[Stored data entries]
==================================================

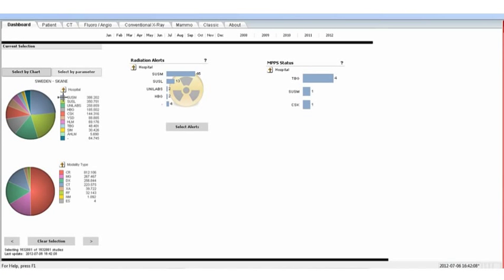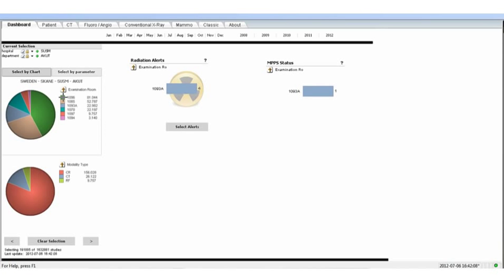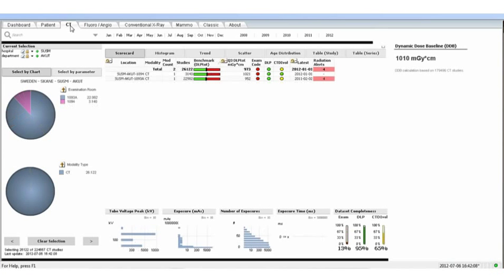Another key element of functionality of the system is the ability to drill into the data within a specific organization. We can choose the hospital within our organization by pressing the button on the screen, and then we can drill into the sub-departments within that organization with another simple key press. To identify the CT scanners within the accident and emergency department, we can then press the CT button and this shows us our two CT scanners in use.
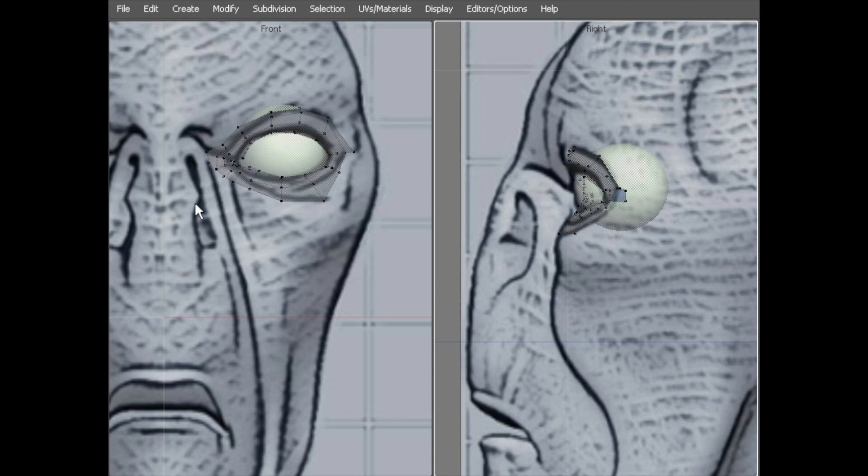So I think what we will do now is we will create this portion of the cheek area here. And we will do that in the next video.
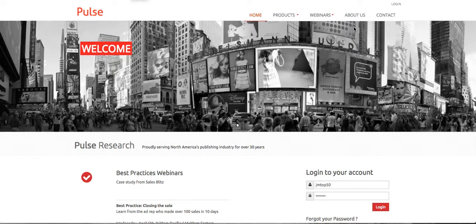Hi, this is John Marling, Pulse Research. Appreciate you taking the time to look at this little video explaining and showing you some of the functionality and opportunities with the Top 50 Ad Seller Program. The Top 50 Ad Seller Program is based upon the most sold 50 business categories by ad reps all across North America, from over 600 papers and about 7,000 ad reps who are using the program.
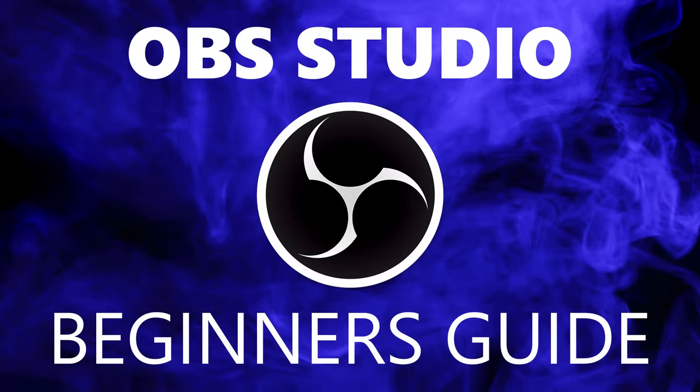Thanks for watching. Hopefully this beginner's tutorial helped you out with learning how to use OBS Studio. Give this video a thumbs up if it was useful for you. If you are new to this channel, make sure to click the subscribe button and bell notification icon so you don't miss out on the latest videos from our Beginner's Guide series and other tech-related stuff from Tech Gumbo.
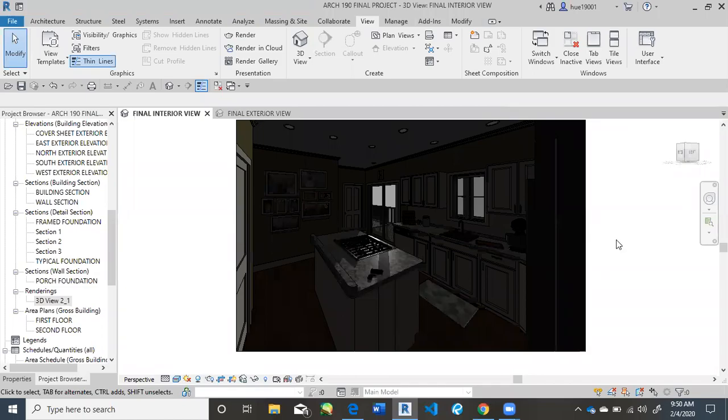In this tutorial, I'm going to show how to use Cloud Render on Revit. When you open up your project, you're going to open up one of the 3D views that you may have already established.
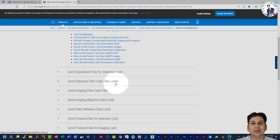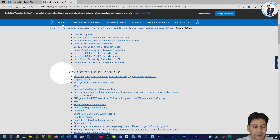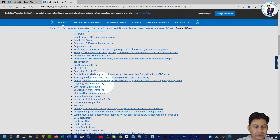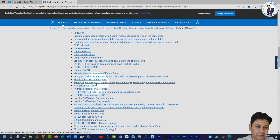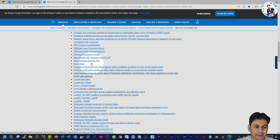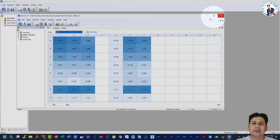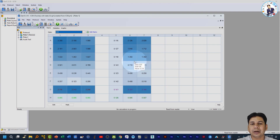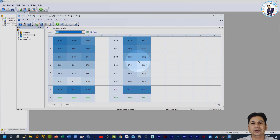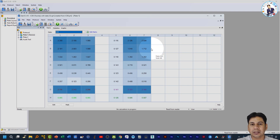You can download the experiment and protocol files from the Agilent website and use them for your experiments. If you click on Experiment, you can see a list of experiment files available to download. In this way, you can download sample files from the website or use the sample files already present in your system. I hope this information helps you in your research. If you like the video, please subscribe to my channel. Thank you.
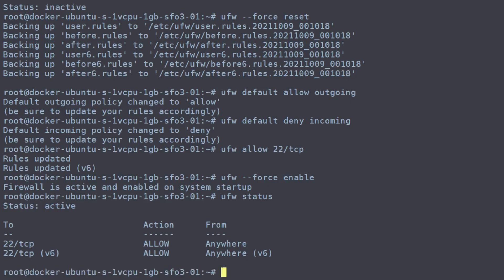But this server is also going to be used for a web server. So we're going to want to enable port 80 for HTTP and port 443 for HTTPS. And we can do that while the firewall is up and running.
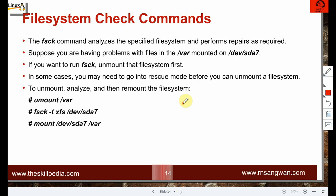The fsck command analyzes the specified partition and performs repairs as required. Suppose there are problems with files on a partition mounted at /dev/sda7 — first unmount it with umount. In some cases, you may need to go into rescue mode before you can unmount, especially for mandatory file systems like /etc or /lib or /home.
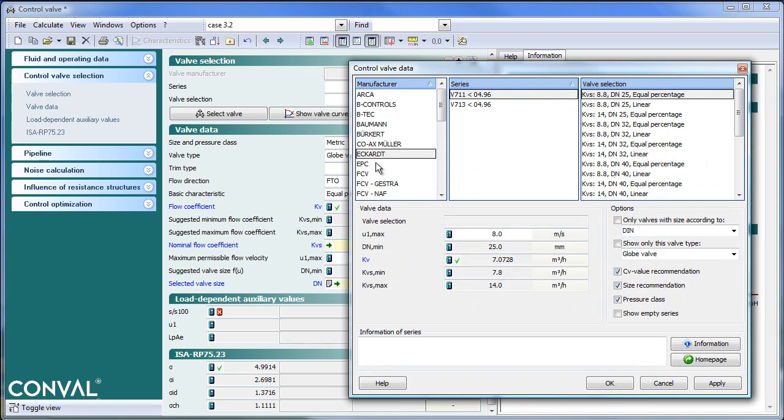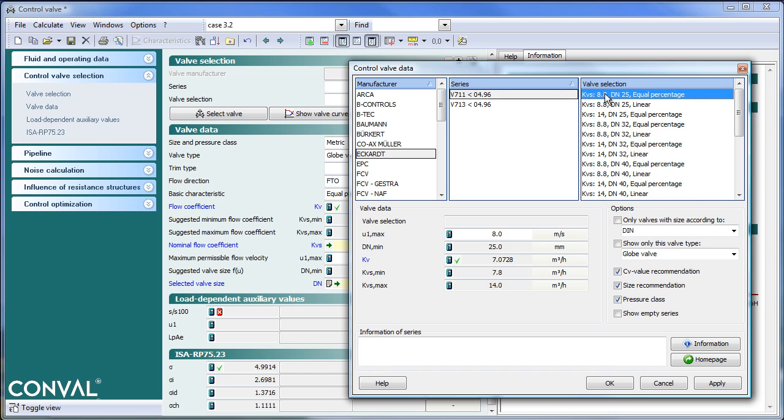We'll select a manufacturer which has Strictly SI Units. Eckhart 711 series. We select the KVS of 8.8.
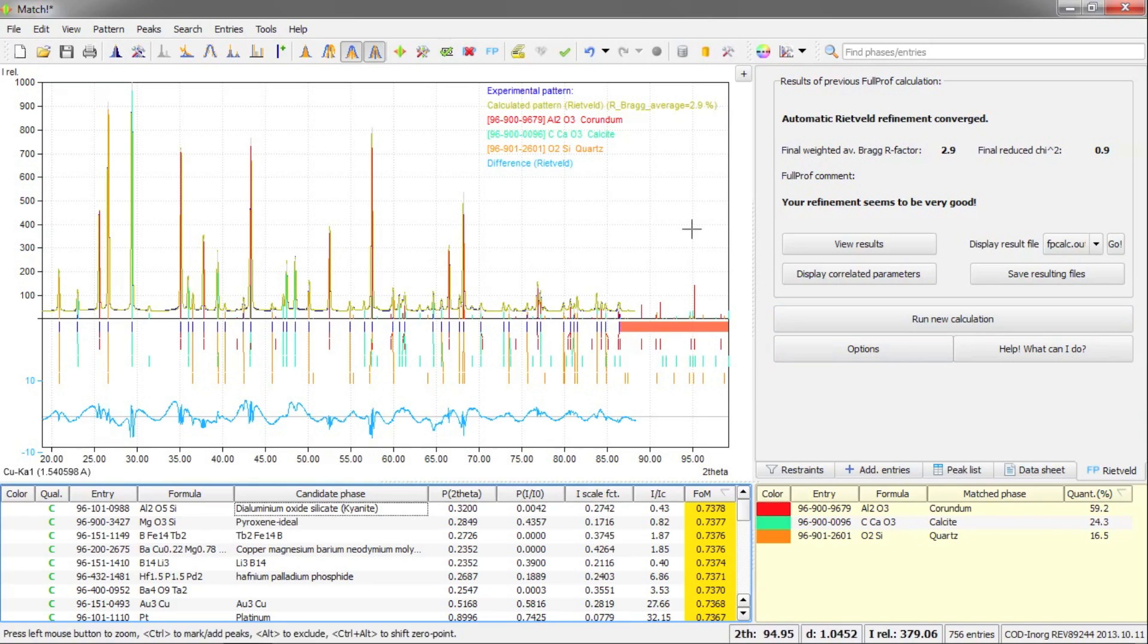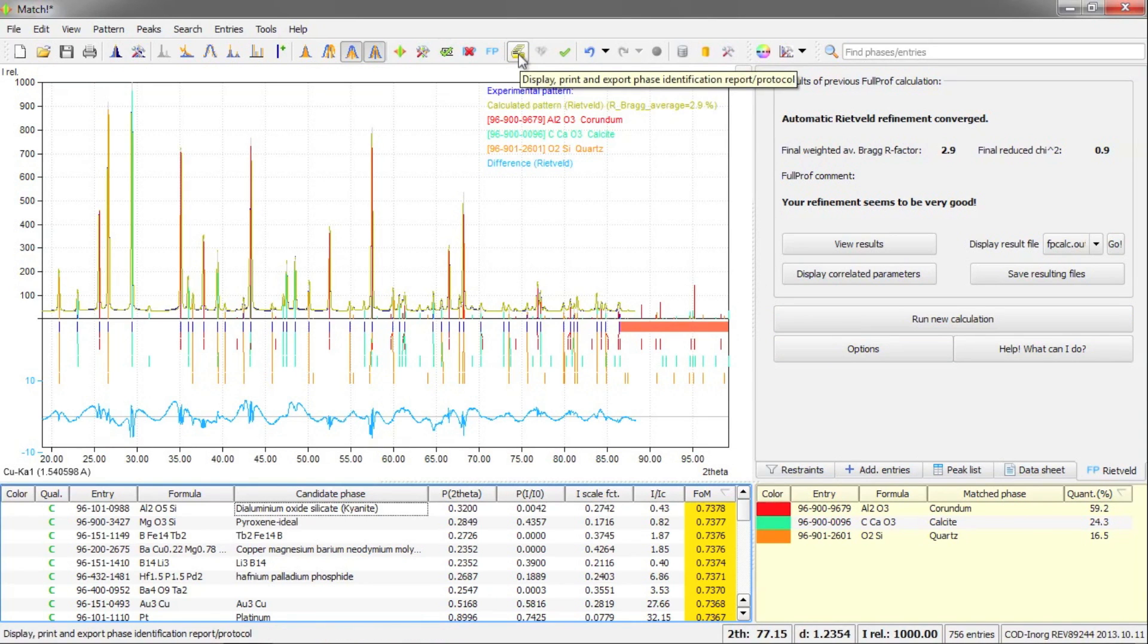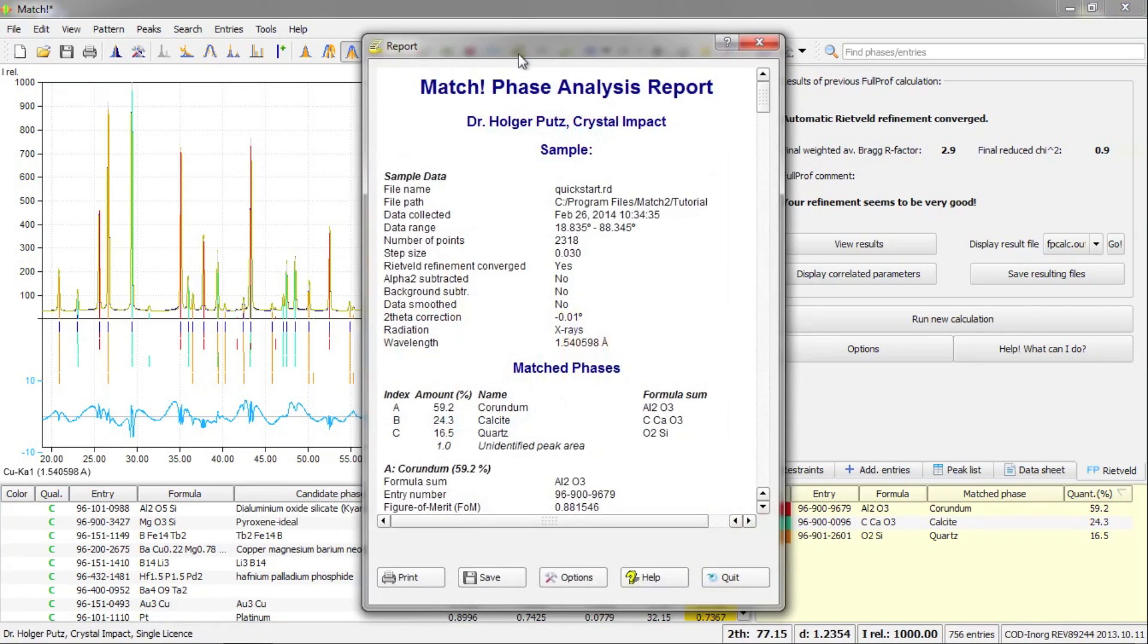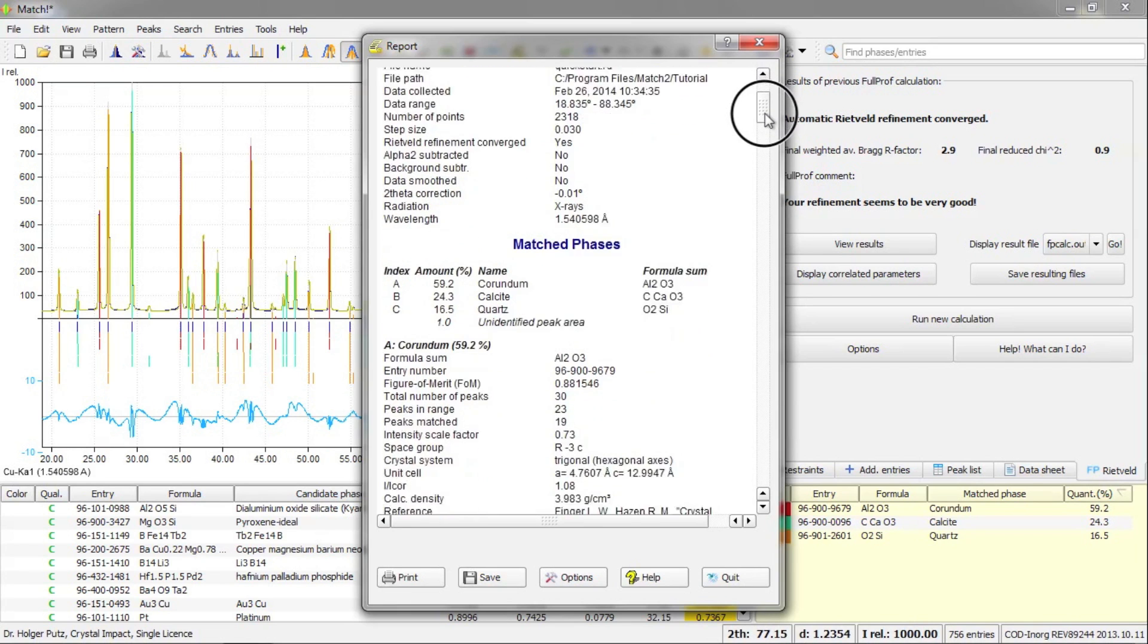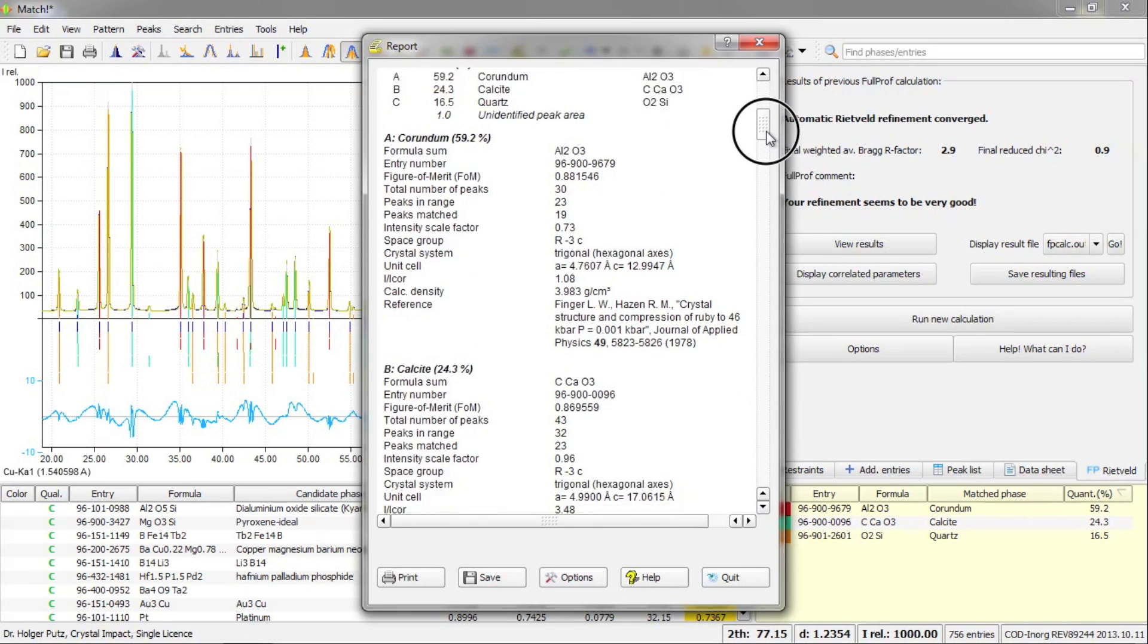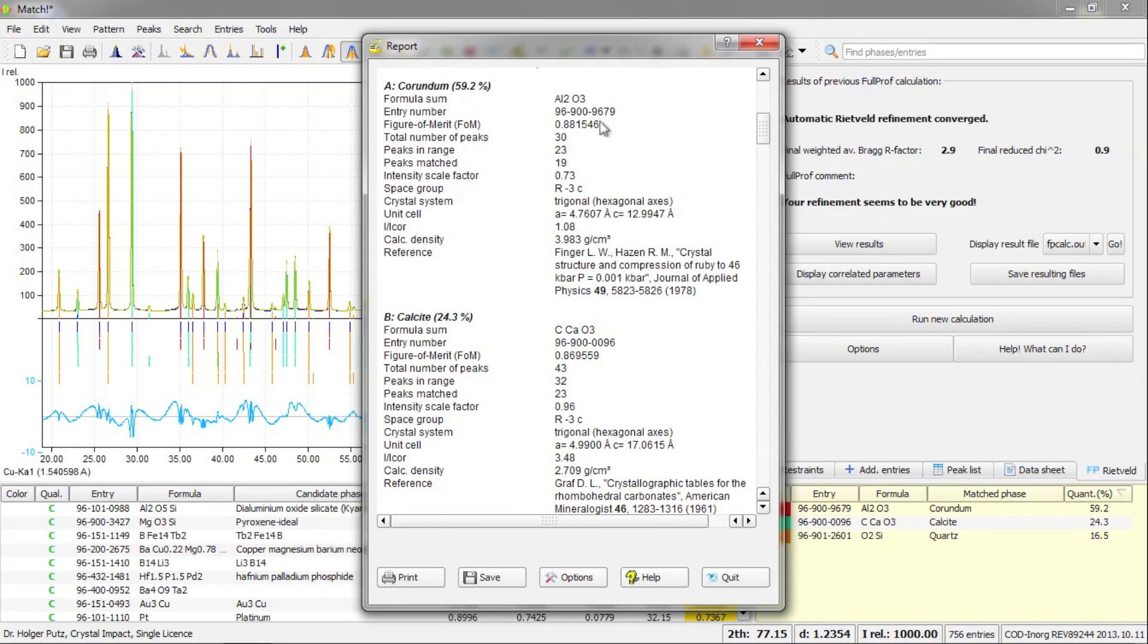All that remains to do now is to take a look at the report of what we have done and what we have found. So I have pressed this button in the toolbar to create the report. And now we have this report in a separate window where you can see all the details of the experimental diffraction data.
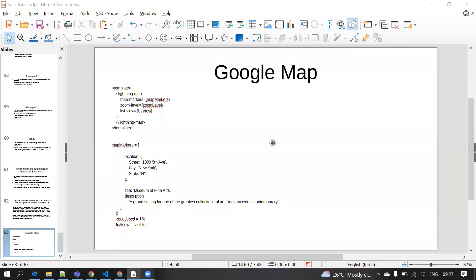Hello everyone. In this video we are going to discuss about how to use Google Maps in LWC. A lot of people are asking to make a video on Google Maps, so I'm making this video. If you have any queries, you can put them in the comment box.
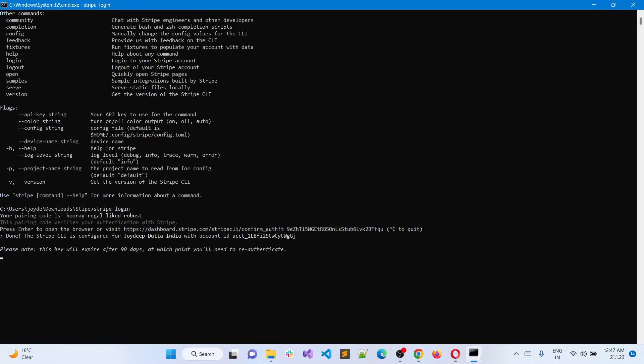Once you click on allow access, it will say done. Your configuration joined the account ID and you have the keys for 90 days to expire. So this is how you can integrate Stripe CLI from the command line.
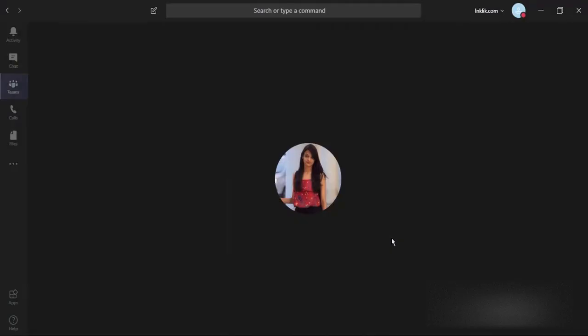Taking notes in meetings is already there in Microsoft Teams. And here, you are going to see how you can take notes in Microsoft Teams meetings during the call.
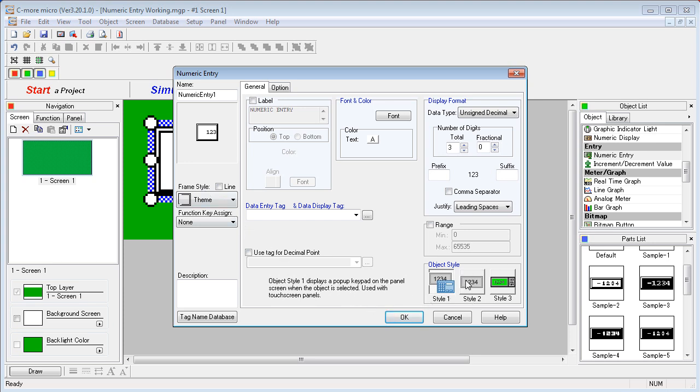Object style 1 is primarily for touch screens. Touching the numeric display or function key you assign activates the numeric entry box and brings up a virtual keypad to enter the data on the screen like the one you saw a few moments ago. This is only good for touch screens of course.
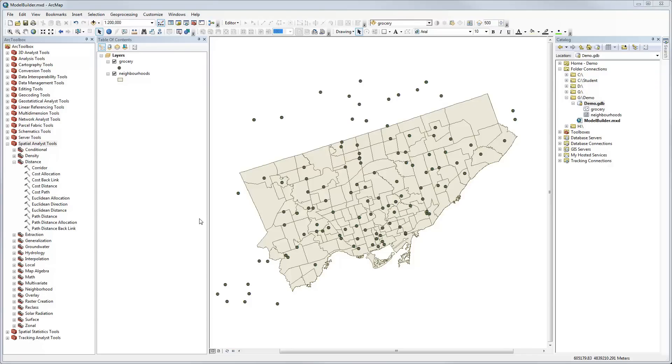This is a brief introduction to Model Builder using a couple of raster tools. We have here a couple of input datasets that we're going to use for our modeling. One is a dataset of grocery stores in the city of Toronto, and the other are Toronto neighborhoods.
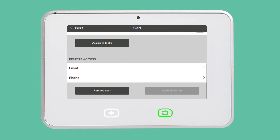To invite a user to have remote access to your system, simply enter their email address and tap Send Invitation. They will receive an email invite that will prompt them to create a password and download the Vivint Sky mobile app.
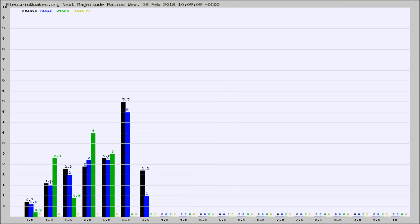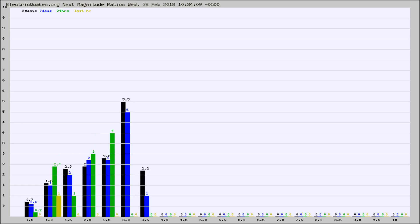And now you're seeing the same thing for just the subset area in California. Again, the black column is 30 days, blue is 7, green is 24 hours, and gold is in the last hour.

==================================================

== Exercise ==
Take the lines above starting at the one containing "Hi, this is" and ending at the one containing "We'll select a", and print them again exactly, without pictures.

== Answer area ==
Hi, this is John Marling, Pulse Research. Appreciate you taking the time to look at this little video explaining and showing you some of the functionality and opportunities with the Top 50 Ad Seller Program. The Top 50 Ad Seller Program is based upon the most sold 50 business categories by ad reps all across North America, from over 600 papers and about 7,000 ad reps who are using the program.
Thanks for watching. Hopefully this beginner's tutorial helped you out with learning how to use OBS Studio. Give this video a thumbs up if it was useful for you. If you are new to this channel, make sure to click the subscribe button and bell notification icon so you don't miss out on the latest videos from our Beginner's Guide series and other tech-related stuff from Tech Gumbo.
In this tutorial, I'm going to show how to use Cloud Render on Revit. When you open up your project, you're going to open up one of the 3D views that you may have already established.
You can download the experiment and protocol files from the Agilent website and use them for your experiments. If you click on Experiment, you can see a list of experiment files available to download. In this way, you can download sample files from the website or use the sample files already present in your system. I hope this information helps you in your research. If you like the video, please subscribe to my channel. Thank you.
But this server is also going to be used for a web server. So we're going to want to enable port 80 for HTTP and port 443 for HTTPS. And we can do that while the firewall is up and running.
The fsck command analyzes the specified partition and performs repairs as required. Suppose there are problems with files on a partition mounted at /dev/sda7 — first unmount it with umount. In some cases, you may need to go into rescue mode before you can unmount, especially for mandatory file systems like /etc or /lib or /home.
We'll select a manufacturer which has Strictly SI Units. Eckhart 711 series. We select the KVS of 8.8.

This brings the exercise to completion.